Contender #1: Israeli Babka Rolls
Allow me to introduce ugat shemarim, which, poor thing, doesn't translate very well: literally, "yeast cake," or, as I'm calling it, an Israeli babka roll. In Israel, a lot gets lumped under this nebulous rubric, any cake made with a yeast dough and swirled with filling, usually chocolate or poppy seed, basically. The homestyle version is rolled up and sliced, revealing a swirl of contents. This was the cake my mom made for special occasions before she had kids, and sporadically thereafter, whenever she'd get a ribbing for how she never makes it anymore.
My mom's recipe is a lightly enriched, pastry-like yeast dough slathered with margarine (because it was the seventies) and sprinkled heartily with a cocoa-sugar mixture and possibly raisins, because people in Israel back then used to consider the raisin/chocolate pairing less than grievous. Back when things were less confusing, I believed that this was the only Jewish babka-like substance in existence. Unfortunately, no one in America seemed to have heard of it.
Contender #2: Babka
The first time I spotted a loaf of Green's babka in an American supermarket, I thought I'd finally found my Israeli babka roll. But it was closed on top, and instead of a glossy, syrup-glazed finish, it usually had...crumbs (a.k.a. streusel) on it.

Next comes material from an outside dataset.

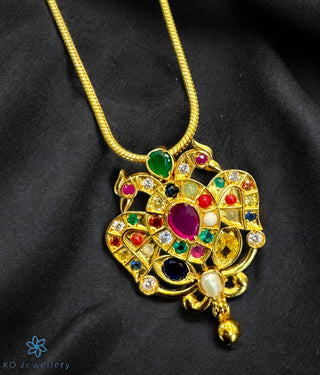 The Avani Gandaberunda Silver Navratna Pendant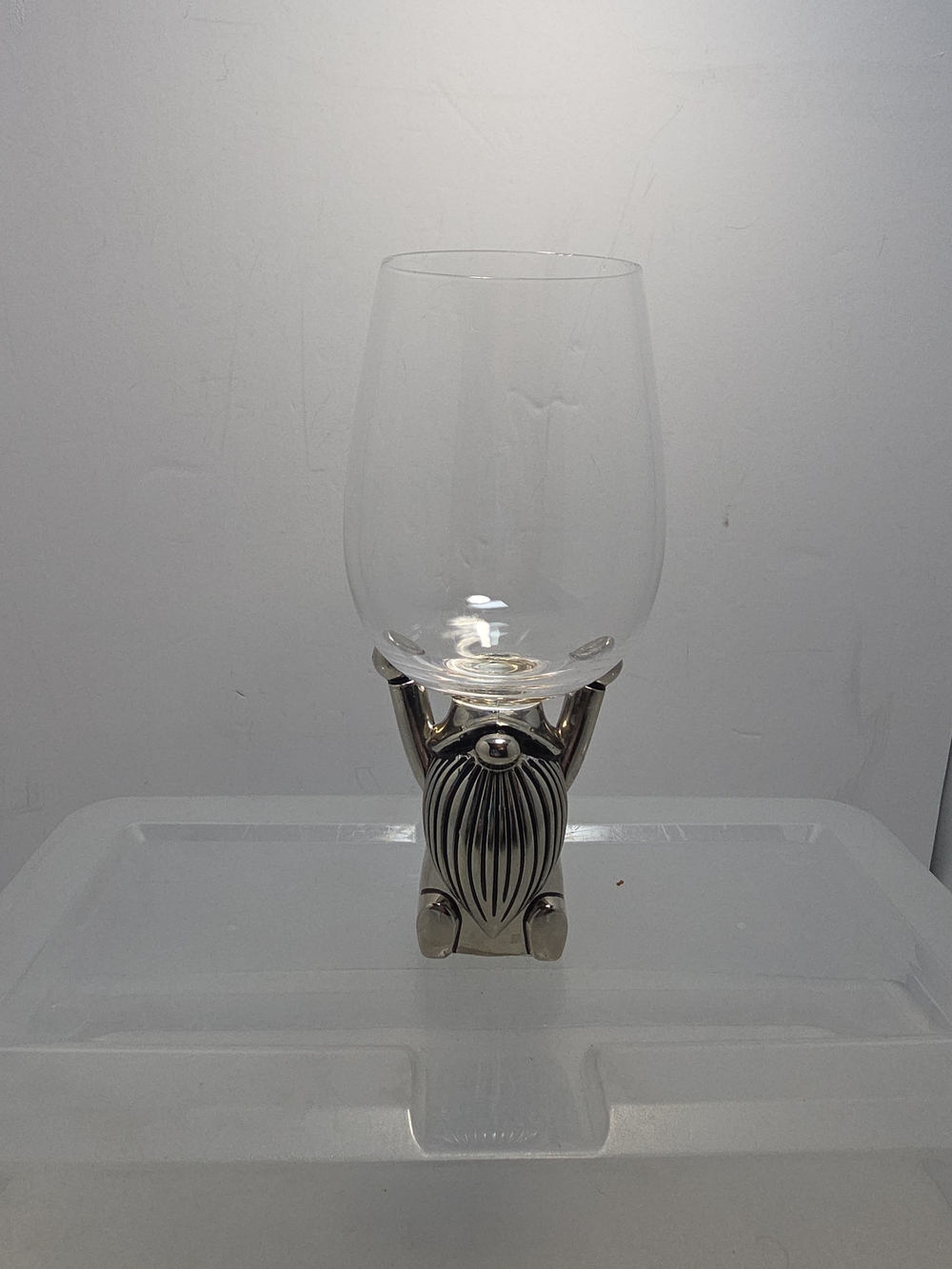 Pottery Barn Gnome Wine Glass 14.5 Oz Zinc Alloy Christmas Holiday Barware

Crumbs! Which belong on a cheesecake, possibly a coffee cake, but definitely not on a babka. (Note to Israel: crumbs also do not belong on brownies. I still love you, though.)
I'm pretty sure "is babka ugat shemarim" was one of the first ten things I Googled when the internet was invented. Just kidding, we only had lynx back then.
Contender #3: Krantz
As it turns out, the kind of cake my grandmother would get from the bakery on Fridays, the one I thought of as "fancy bakery babka roll," is called a krantz cake. I learned this from the burgeoning Israeli food media scene back in the aughts, eagerly clicking on the thing I thought of as the canonical Israeli babka roll and finding recipe after recipe for something called, rather insistently, krantz. Originating in the fine tradition of central European bakery culture, krantz has its rolls cut open before twisting, so that its guts spill elegantly out in a crown of chocolatey threads. The top gets a good glazing with warm jam or glossy sugar syrup when the cake comes out of the oven, to seal in the goodness.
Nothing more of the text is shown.